Porém, 2015 foi o ano de viragem. Desde a derrota em casa da Real Sociedad, a 4 de janeiro, até ao empate em Sevilla, a 11 de abril, o Barcelona, nos 21 jogos que realizou, em todas as competições, somou 19 vitórias e 1 desaire – derrotou o Atlético de Madrid por 3 vezes, bisou contra o Manchester City e ainda triunfou ante o Real. Daí até ao final da temporada, os da Catalunha foram igualmente avassaladores. Na reta final, nos momentos decisivos, o conjunto barcelonista não baqueou – ao todo, nas 11 partidas restantes, foram 10 vitórias, que asseguraram o "triplete" (Liga, Taça e Champions) e apenas uma derrota, em Munique. Como ironia final, alguns dos elementos mais criticados assumiram-se como peças basilares. Suárez integrou-se como poucos conseguiriam no trio MSN; Piqué regressou ao nível que apresentava com o agora timoneiro do Bayern; Bravo foi o keeper titular ao longo de toda a campanha na Liga.
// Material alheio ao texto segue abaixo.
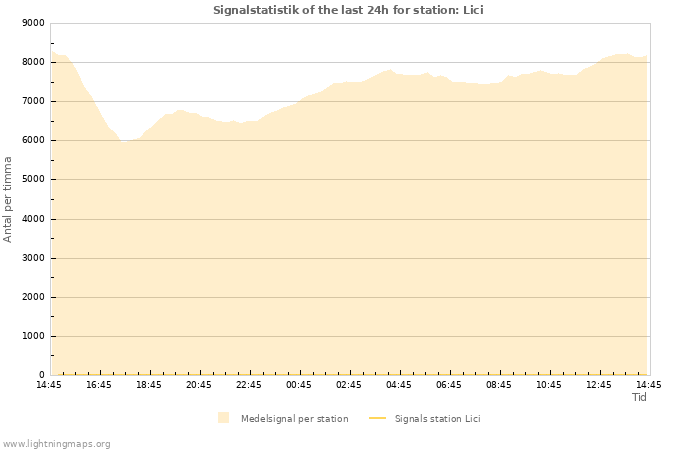 Grafer: Signalstatistik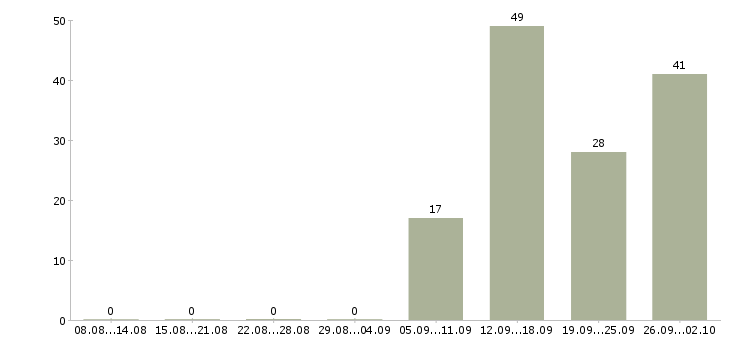 Работа кассир на сменный график работы в Волгограде - Число вакансий в Волгограде по специальности кассир на сменный график работы за 2 месяца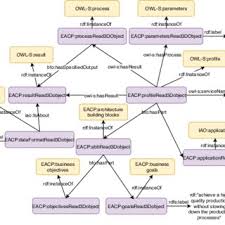 Semantic representation of neuroimaging observations: Emna Amdouni Researcher Ph D In Computer Science Universite De Montpellier Montpellier Um1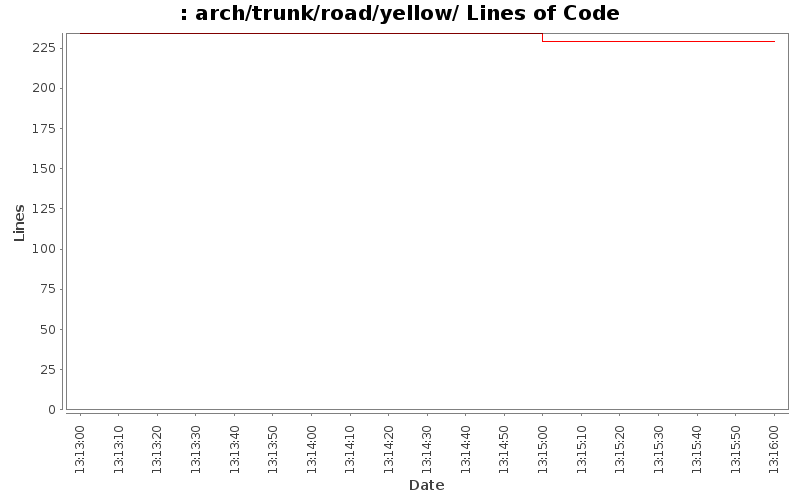 arch/trunk/road/yellow/ Lines of Code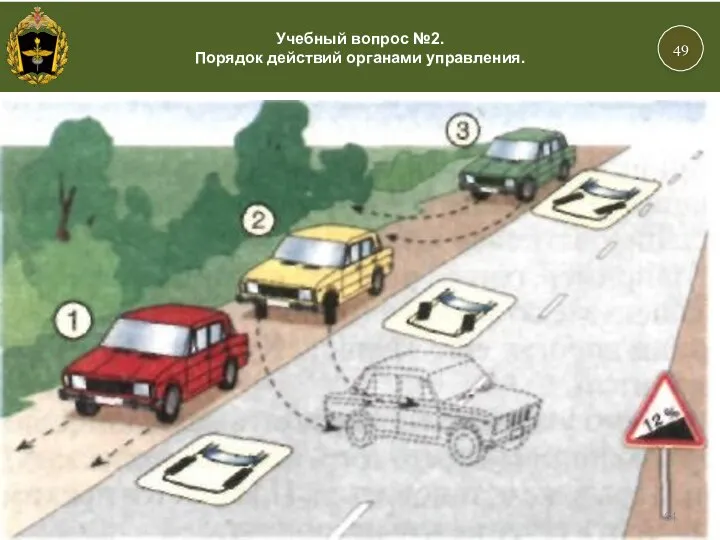49 Учебный вопрос №2. Порядок действий органами управления.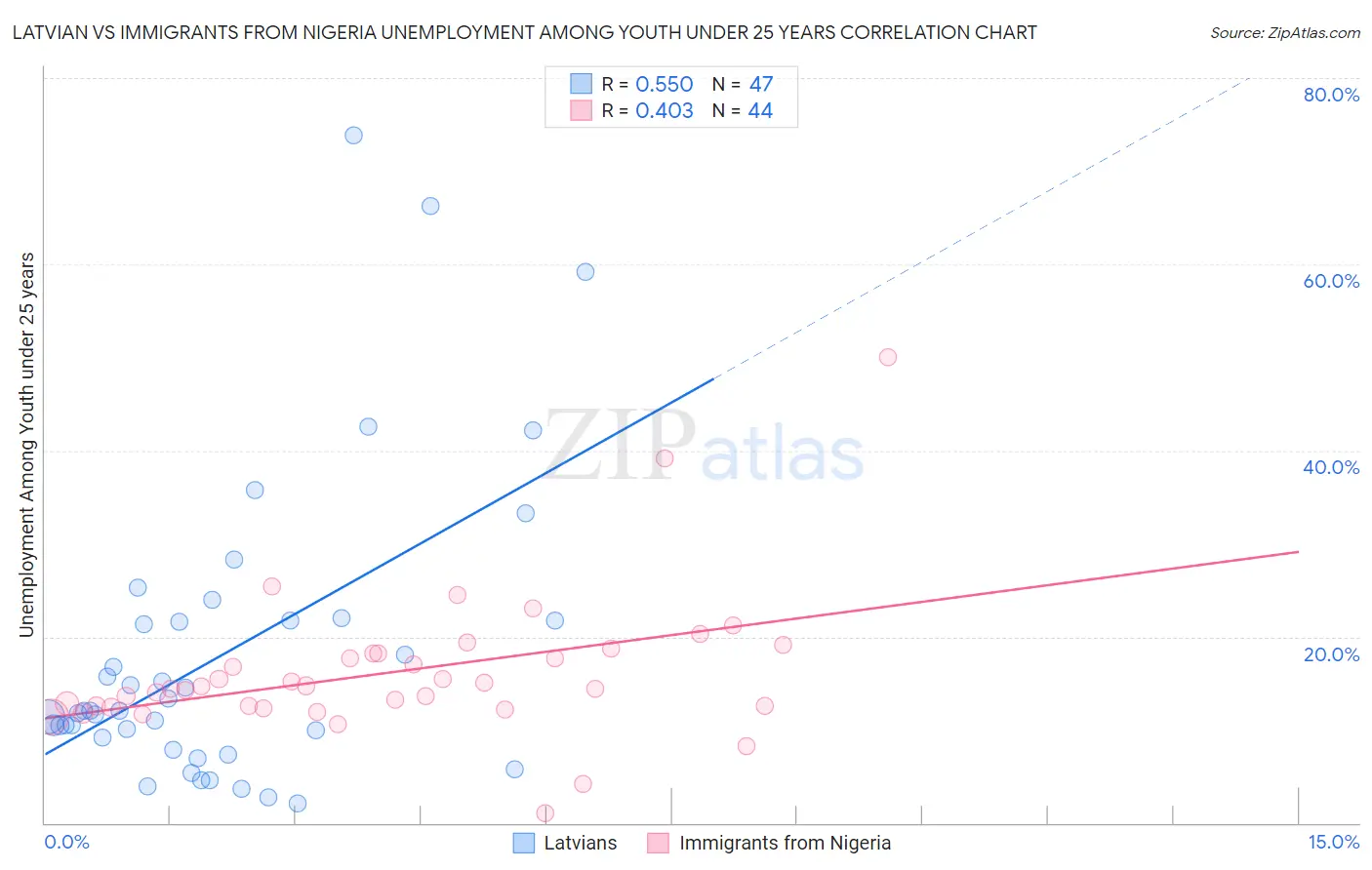 Latvian vs Immigrants from Nigeria Unemployment Among Youth under 25 years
É certo que a qualidade individual ajuda – e muito – ao sucesso coletivo, e a verdade é que quem tem Messi, Neymar e Suárez arrisca-se a vencer tudo. Contudo, bons jogadores não fazem uma boa equipa e se os blaugrana se tornaram numa "máquina" quase perfeita, em muito o devem a Luis Enrique, o treinador do ano, que superou a pressão e as dúvidas inicias para se converter no "arquiteto" do segundo "triplete" da história do Barça, associando às conquistas um futebol requintado, de posse e muito tiki-taka, que se tem mantido mais ou menos constante no segundo semestre do ano.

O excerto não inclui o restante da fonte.